The artificial intelligence model includes a plurality of artificial neural networks, and the artificial neural network may include a plurality of neural network layers. Each of the plurality of neural network layers has a plurality of weight values, and performs a neural network calculation through a calculation between a calculation result of a previous layer and the plurality of weights. The plurality of weights of the plurality of neural network layers may be optimized by a training result of the artificial intelligence model. For example, the plurality of weights may be updated so that a loss value or a cost value obtained from the artificial intelligence model during a training process is decreased or minimized.

Examples of the artificial neural network include a convolutional neural network (CNN), a deep neural network (DNN), a recurrent neural network (RNN), a restricted Boltzmann machine (RBM), a deep belief network (DBN), a bidirectional recurrent deep neural network (BRDNN), deep Q-Networks, and the like, and the artificial neural network in the disclosure is not limited to the example described above except for a case where it is specified.

FIG. 4 is a block diagram illustrating in detail the configuration of the electronic device 100 according to the embodiment of the present disclosure. As illustrated in FIG. 4, the electronic device 100 may include the memory 110, the processor 120, a communication unit 130, a display 140, a speaker 150, a microphone 160, and an input unit 170. The memory 110 and the processor 120 have been described in detail with reference to FIGS. 1 and 2, and an overlapping description will thus be omitted.

The communication unit 130 may perform communication with the external device, including a circuit. In this case, the communication connection of the external apparatus with the communication unit 130 may be performed through a third device (for example, a repeater, a hub, an access point, a server, a gateway, or the like).

The communication unit 130 may include various communication modules to perform communication with an external device. For example, the communication unit 120 may include a wireless communication module, and for example, may include a cellular communication module using at least one of 5TH generation (5G), LTE, LTE advance (LTE-A), code division multiple access (CDMA), wideband CDMA (WCDMA), and the like.
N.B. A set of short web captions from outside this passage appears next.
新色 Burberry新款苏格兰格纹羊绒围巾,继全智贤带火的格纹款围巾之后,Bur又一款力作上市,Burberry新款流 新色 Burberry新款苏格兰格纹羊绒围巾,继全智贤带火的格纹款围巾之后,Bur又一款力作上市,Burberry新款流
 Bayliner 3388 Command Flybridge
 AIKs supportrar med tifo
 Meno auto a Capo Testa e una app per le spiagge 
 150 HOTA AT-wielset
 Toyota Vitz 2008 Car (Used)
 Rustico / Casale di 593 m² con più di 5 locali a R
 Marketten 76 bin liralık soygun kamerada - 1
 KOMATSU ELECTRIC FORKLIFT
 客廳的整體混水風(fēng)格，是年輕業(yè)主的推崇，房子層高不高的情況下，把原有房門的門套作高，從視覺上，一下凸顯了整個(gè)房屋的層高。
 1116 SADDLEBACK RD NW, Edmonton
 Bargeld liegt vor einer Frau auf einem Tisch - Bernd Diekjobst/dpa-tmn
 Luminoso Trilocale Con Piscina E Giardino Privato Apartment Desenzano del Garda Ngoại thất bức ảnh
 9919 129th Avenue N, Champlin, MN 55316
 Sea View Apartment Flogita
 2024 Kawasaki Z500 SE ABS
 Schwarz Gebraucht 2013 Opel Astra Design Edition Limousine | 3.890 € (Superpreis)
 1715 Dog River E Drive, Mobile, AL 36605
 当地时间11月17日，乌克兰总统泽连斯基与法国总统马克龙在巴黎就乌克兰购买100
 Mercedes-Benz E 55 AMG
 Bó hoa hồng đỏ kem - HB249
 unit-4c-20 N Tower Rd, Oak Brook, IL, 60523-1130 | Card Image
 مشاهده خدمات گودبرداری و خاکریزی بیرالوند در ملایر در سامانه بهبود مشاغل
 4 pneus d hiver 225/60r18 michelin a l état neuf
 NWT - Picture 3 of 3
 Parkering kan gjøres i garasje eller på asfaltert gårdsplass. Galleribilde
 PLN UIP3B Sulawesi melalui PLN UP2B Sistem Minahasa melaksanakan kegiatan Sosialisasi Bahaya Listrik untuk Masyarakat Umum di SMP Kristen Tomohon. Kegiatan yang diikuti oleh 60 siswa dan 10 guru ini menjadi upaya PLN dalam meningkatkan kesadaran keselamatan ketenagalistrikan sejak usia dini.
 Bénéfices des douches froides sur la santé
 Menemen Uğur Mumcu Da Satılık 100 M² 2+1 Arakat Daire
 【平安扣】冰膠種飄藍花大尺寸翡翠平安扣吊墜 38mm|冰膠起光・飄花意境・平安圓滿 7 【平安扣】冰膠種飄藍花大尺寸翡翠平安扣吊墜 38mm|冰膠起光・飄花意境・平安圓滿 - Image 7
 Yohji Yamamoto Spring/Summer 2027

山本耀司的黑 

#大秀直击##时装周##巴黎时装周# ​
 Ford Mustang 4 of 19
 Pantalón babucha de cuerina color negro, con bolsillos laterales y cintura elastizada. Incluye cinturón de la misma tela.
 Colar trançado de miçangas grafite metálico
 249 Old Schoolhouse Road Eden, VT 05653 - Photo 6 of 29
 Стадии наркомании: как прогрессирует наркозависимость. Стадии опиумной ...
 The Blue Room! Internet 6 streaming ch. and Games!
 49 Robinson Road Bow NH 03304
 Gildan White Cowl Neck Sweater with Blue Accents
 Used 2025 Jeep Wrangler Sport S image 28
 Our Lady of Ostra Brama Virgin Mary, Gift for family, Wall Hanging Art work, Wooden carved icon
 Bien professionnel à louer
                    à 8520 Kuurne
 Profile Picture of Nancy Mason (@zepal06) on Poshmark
As another example, the wireless communication module may include at least one of, for example, wireless fidelity (WiFi), Bluetooth, Bluetooth low energy (BLE), Zigbee, radio frequency (RF), and a body area network (BAN). However, this is only one embodiment, and the communication unit 120 may include a wired communication module.

The communication unit 130 may transmit weight data to an external server in order to quantize a plurality of weight data included in a plurality of layers constituting the neural network model. In addition, the communication unit 130 may receive quantized weight data to and from the external server.

The communication unit 130 may receive various types of first input data from an external device communicatively connected to the electronic device 100. For example, the communication unit 130 may receive various types of first input data from an input device (e.g., a camera, a microphone, a keyboard, etc.) connected to the electronic device 100 through wireless communication or an external server capable of providing various contents.

The display 140 may display various pieces of information according to the control of the processor 120. In particular, the display 140 may display the first input data or display the second output data obtained by performing the calculation between the weight data and the input data. Here, displaying the second output data may include an operation of displaying a screen including text or images generated based on the second output data.

The display 140 may be implemented by various display technologies such as a liquid crystal display (LCD), an organic light emitting diode (OLED), an active-matrix OLED (AM-OLED), a liquid crystal on silicon (LcoS), and digital light processing (DLP). In addition, the display 140 may also be coupled to at least one of a front area, a side area, and a back area of the electronic device 100 in the form of a flexible display.

In addition, the display 140 may be implemented as a touch screen including a touch sensor.

The speaker 150 is a component that outputs various audio data on which various processing operations such as decoding, amplification, and noise filtering have been performed by an audio processing unit (not illustrated). In addition, the speaker 150 may output various notification sounds or voice messages.

For example, when the calculation result between the weight data and the input data by the neural network model, that is, the second output data is output, the speaker 150 may output a notification sound or the like indicating that the output data has been obtained.

The microphone 160 is a component capable of receiving voice from a user. The microphone 160 may be provided inside the electronic device 100, but may be provided outside the electronic device 100 and electrically connected to the electronic device 100. In addition, when the microphone 160 is provided on the outside, the microphone 160 may transmit a generated user voice signal to the processor 120 through a wired/wireless interface (e.g., Wi-Fi, Bluetooth).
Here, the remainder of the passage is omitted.